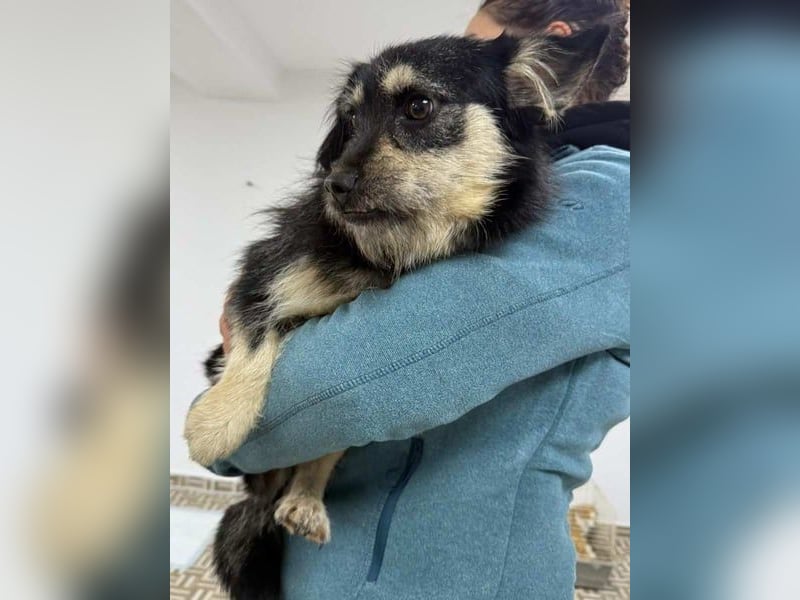 ⭐️Tahia⭐️, kleine Zottel-Maus, Hündin, 1,5 Jahre, 30 cm, Mischling, Tierschutz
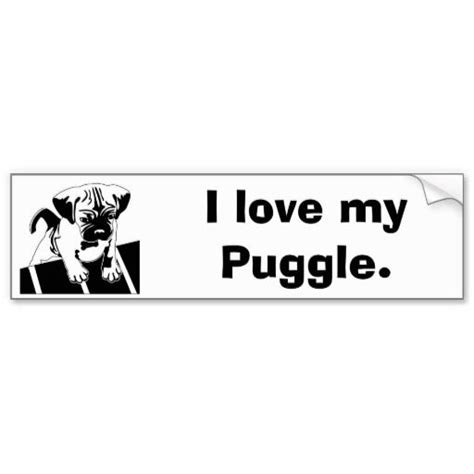 Bumper Sticker Zazzle Bumper Stickers Bumpers Stickers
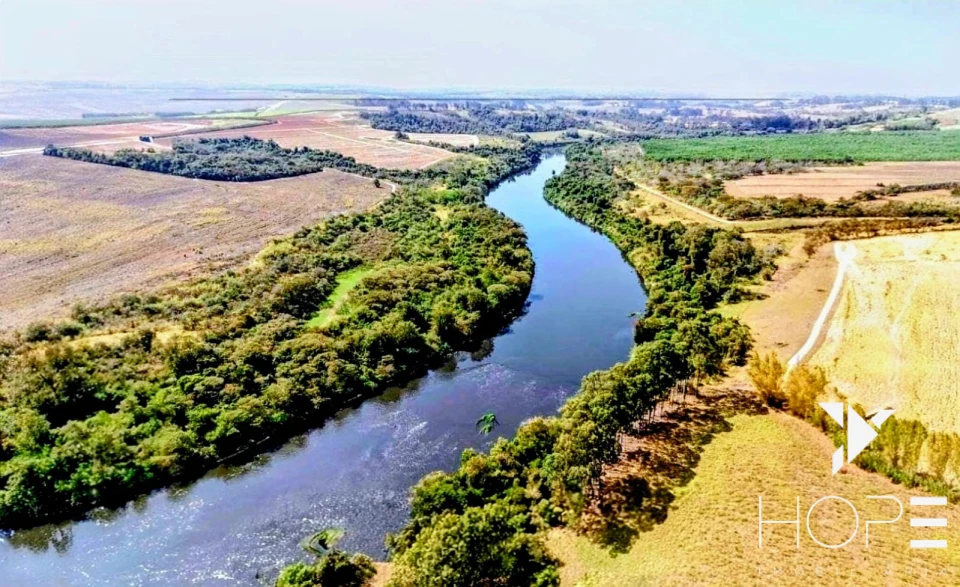 Fazenda com Eucalipto à Venda em Itu/SP – Renda Garantida com Arrendamento à Suzano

■ ■ ■ ■ ■

(WORK ITEM) Starting at the line with "Bumper Sticker Zazzle" and stopping at the final line of the material, reproduce each line exactly, both ends included. Leave the pictures out.

(RESPONSE BOX)
 Bumper Sticker Zazzle Bumper Stickers Bumpers Stickers
 Fazenda com Eucalipto à Venda em Itu/SP – Renda Garantida com Arrendamento à Suzano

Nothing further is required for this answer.